Here at silverorange, we rely on a mix of our own hosting infrastructure and a variety of cloud-based services. In our on-premise server-room, oVirt has become an increasingly important component of our infrastructure. We’ve been using oVirt for a number of years, and have since moved many of our physical servers to virtual machines. Along with using Ansible as the source of truth for configuration management, we perform file-level backups with Borg.
While we could technically rebuild any of our servers using these tools, it can be a time consuming process, especially with many VMs involved. The last thing we want to be doing in a disaster situation is piecing back together dozens of VMs in the middle of the night. That said, it’s also important for us to perform full VM image backups for greater flexibility in disaster recovery scenarios.
What’s out there already?
One would think that backing up a VM on a modern virtualization platform such as oVirt would be a simple task. Unfortunately, that’s not the case. The oVirt API provides the means to perform backups but there’s actually no official tool provided to back up multiple running VMs automatically on a schedule. We came across a few open-source options, but they were either abandoned, their dependencies were too complex, or in some cases, required a VM as a proxy to attach cloned snapshots in order to back them up (which is resource intensive).

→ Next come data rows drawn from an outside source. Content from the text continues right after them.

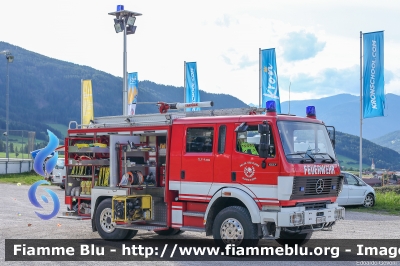 Merceds-Benz 1227
Vigili del Fuoco
Unione Distrettuale Alta Pusteria
Corpo Volontario di Valdaora di Sopra (BZ)
Bezirksverband Oberpustertal
Freiwillige Fuerwehr Oberolang
Allestito Rosenbauer
VF 09H BZ
Parole chiave: Merceds-Benz 1227 VF09HBZ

By far the best option we tried was vProtect by Storware. It did a great job handling oVirt backups and included robust features like incremental backup support, the ability to exclude certain VM disks from the backup, and scheduling policies. Storeware graciously offers the product for free for up to 10 VMs. Unfortunately, once you hit the limit you have to move to their paid license. Being a software development company, we support paying for software and understand the amount of work and costs involved in shipping and maintaining a product. The issue is that many of these backup vendors target enterprise-level businesses and often offer nothing for personal or small-business use. For example, a vProtect license for just three oVirt hosts costs $3,000 USD per year. They also license per-VM, but even with just 10 VMs you’re looking at a cost of $1,200 USD, minimum. For a large business these costs may seem like a drop in the bucket, but many oVirt users do not fall within that category (if they did, they’d more than likely be paying for Redhat Virtualization instead of oVirt).
Another drawback to vProtect is their lack of support for CentOS/RHEL 8x, although we’ve been informed that it is on their development roadmap.
Our homemade solution
After researching and testing some of the available options for oVirt backups we wondered if we could roll our own no-frills solution that would easily allow anyone to perform full-image backups of running oVirt VMs. We originally started by looking at the oVirt REST API, but later discovered we could do what we needed with Ansible.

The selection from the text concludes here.